Sin necesidad de tanta imaginación ni de soñar despiertos como don Quijote, la venta de Borondo, en mitad de la llanura y sin nada a su alrededor que haga distraer la vista, puede pasar por castillo con su torre y sus altísimas paredes, que más parecen murallas que bardas de corral, que es lo que son en verdad. O que eran, pues la edificación está abandonada desde hace tiempo, desde que el último ventero se murió (ya había dejado de ser ventero hacía mucho) y la propiedad se partió entre sus herederos. Me lo cuenta un primo de éstos, también llamado Felipe como el ventero y como varias generaciones de antepasados suyos, que aparece cuando ya me iba y que viene a podar “unas olivas” que tiene por esta zona. Vuelvo con él y me enseña la venta (por fuera, que la casa principal está cerrada) mientras ilustra nuestro recorrido con comentarios sobre la venta, sobre su familia y sobre Bolaños, que es donde vive. De la venta dice que se va a caer (me muestra una gran piedra que se ha desprendido del alero directamente sobre un balcón, que a duras penas puede sujetarla ya); de su familia que les apodan Ladillas, pero que no lo llevan a mal porque en Bolaños todos tienen apodo (“Los hay peores”, se vanagloria); y de su pueblo que ya es mayor que Almagro, la capital histórica de la zona, y que en su término es donde se cultivan realmente las berenjenas de las que presume aquélla junto con su Corral de Comedias.

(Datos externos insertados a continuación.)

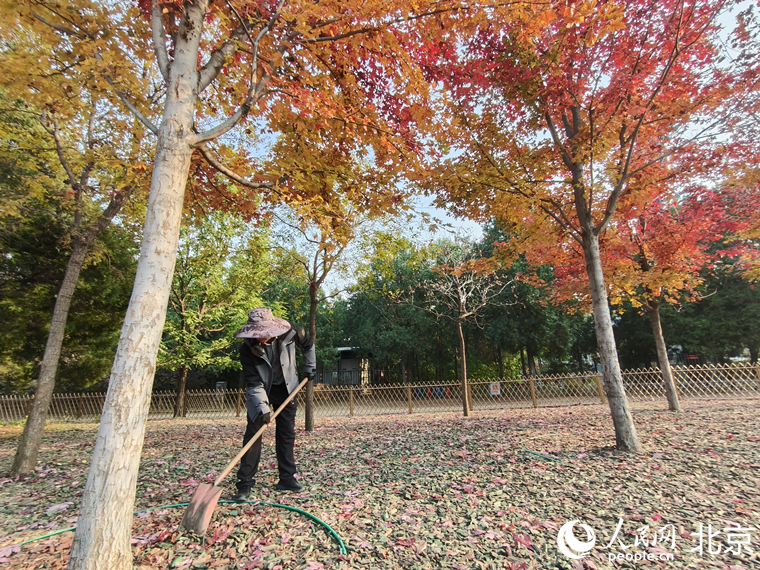 IMG20251028151848_副本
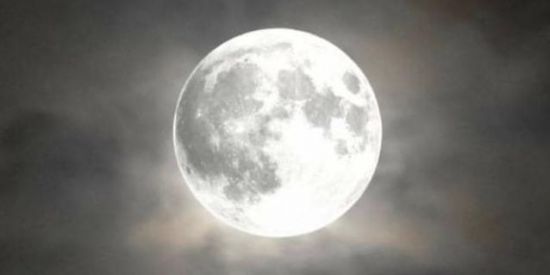 Imagem do grupo de WhatsApp Bruxas naturais🧙‍♀️🧙‍♂️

—Unos cardan la lana y otros llevan la fama, ya sabe— se lamenta.
Por el hombre, seguiría allí todavía, pero el camino me espera, como a don Quijote. Quizá fue de aquí de donde partió en dirección a su aldea enjaulado como una fiera en una carreta de bueyes. Si fue así, cuando, al cabo de algunos kilómetros, se volviera a mirar la venta como yo hago por el retrovisor del coche quizá la viera flotando en el polvo de la llanura como aquella famosa isla de San Borondón que los navegantes veían aparecer y desaparecer en el mar como yo ahora esta venta de Borondo, principio y fin de todos los caminos de La Mancha, mientras me alejo de ella hacia Manzanares.